|Birth: ||unknown, China|
|Death: ||Sep. 16, 2006|
New York County (Manhattan)
New York, USA
Hélène Marguerite Deschamps Adams, who performed espionage and counterespionage duties for the Allies as a teenager in France during World War II, died Saturday, Sept. 16, 2006, of congestive heart failure in Manhattan. Mrs. Deschamps Adams was 85.
Mrs. Deschamps Adams lived in the Palm Beach area from the mid-1970s to the early 1990s and worked for the now-closed Razooks women's fashion boutiques on Worth Avenue and at The Breakers.
She frequently lectured about her World War II experiences around the country. Before moving to Florida, she was a French teacher. She came to the United States from France in 1946, after marriage to an American serviceman, Forest E. Adams, who died in 1951.
Her daughter, Karyn Anick Monget, worked as a model during the late 1970s and served as fashion editor of the Palm Beach Daily News from 1982 to 1984 and currently is an editor with Women's Wear Daily in New York City.
Mrs. Deschamps Adams is remembered as "a lovely, elegant woman" by Jan Kranich, director of the island's Emanuel Ungaro boutique. "You would never have guessed what a harrowing life she led."
She was born in China. Her father was a general in the French colonial army who retired to the south of France in the late 1930s, according to The New York Times.
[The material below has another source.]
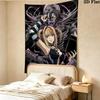 Amane Misa Death Note Wall Tapestry Aesthetic Wall Hanging Printed Fabric Blanket Decorative Tapestries For Bedroom Living Room Home Decor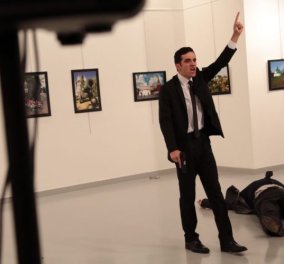 Στην φρουρά του Ερντογάν ήταν ο 22χρονος Τούρκος δολοφόνος του Ρώσου πρέσβη - Κυρίως Φωτογραφία - Gallery - Video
From 1943 to 1945, Mrs. Deschamps Adams, as a member of the French Underground, served as an agent for the American Office of Strategic Services (OSS), the forerunner of the Central Intelligence Agency. Her mission was to rescue OSS agents who had been imprisoned in France during the Nazi occupation.
In 1977, she was elected president of the South Florida chapter of the American Federation of Intelligence Officers. In 2000, she received the Distinguished Service Medal from the United States in recognition of her wartime efforts and was also honored for her heroism by the French government.